TORI GOLUB was a fashion stylist before she turned her considerable talents to interior design. Her Manhattan-based residential firm has attracted a long list of devotees thanks to her “comfort modern” aesthetic. The bedroom here, in the Hamptons, has sweet dreams written all over it—and not too many pillows (the homeowner is a single man). If you think the bedroom is great, what about the bathroom that goes with it? Bottom line: I want it!!! That sculptural circle thing is an antique child’s hoop and stick.

LORI GRAHAM’s work appeared in MET HOME more than once, thanks to the Washington, D.C. designer’s broad range and considerable mastery of her medium. The pearly bathroom is from a home in the capital’s Kalorama neighborhood. Every single piece is perfect, and the juxtapositions are inspiring. The bedroom is from a different place, a condo in TriBeCa, New York CIty, which is just a mile or two south of my own apartment, so moving it up here wouldn’t be too difficult, now would it, Lori? Maybe you should ship the bathroom up from D.C., too.

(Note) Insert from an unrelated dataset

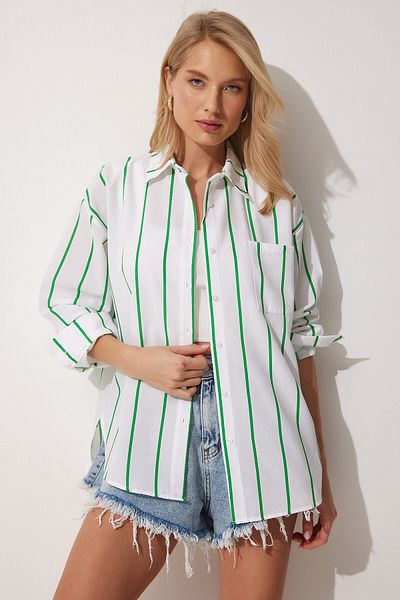 Happiness İstanbul Grün-weiß gestreiftes Oversize-Langhemd aus Baumwolle für Damen DX00005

Sometimes you just get lucky with clients. JUDY MALE, who is half of the Male-Cahlin partnership, found art collectors with an enormous penthouse duplex overlooking the water and, let's face it, a bank account to make their Miami dreams come true. Male made all the right moves to show off the Midwestern couple's museum-quality art and to pair it with furniture of comparable provenance. Still, the place functions well for entertaining and as a family home. While all the rooms have drama, they also embrace man’s… and woman’s… need for comfort.

I first heard of KARA MANN, interior designer and showroom owner, when MET HOME ran pictures of her own extraordinary apartment in Chicago (which also appeared in GLAMOUR: MAKING IT MODERN). I loved her high contrast, dramatic world of whites and dark, dark browns with its Goth details. I liked the next place of hers I saw, too, a renovated and expanded Victorian with this monochromatic dark-grey living room alive with subtle metallic accents and Asian resonances. It's unexpected and altogether winning. Plus there's one of those Chinese warriors in the corner. I love that! It makes me want to go back to China.

VALERIE PASQUIOU made her MET HOME debut with the L.A. canyon home she designed for singer k.d. lang (it used to be a “retreat” for movie star Rock Hudson). The place was comfortable, natural, and highly meditative, a fresh twist on Zen, with lots of Japanese details and floaty fabrics. So imagine my surprise when the next Pasquiou project I saw was this incredibly sophisticated wide-open loft in New York City. Valerie, who is French and has offices in Paris as well as New York, obviously has a lot of Gallic versatility up her sleeve. UPDATE: Valerie's latest project, a loft in the East Village of Manhattan was published in the New York Times Home section on April 29, 2010!

“RAJI” RADHAKRISHNAN of Washington, D.C. (principal of Raji RM & Associates) is a quirky, eccentric, eclectic designer with a great eye for the unexpected. She gracefully manages to balance the grand gesture and absolute refinement, which is no mean feat. One of the things she does that speaks to my photo-heart is to turn scale on its ear with enormous photo enlargements of details from works of art, as in this living room just outside the capital district.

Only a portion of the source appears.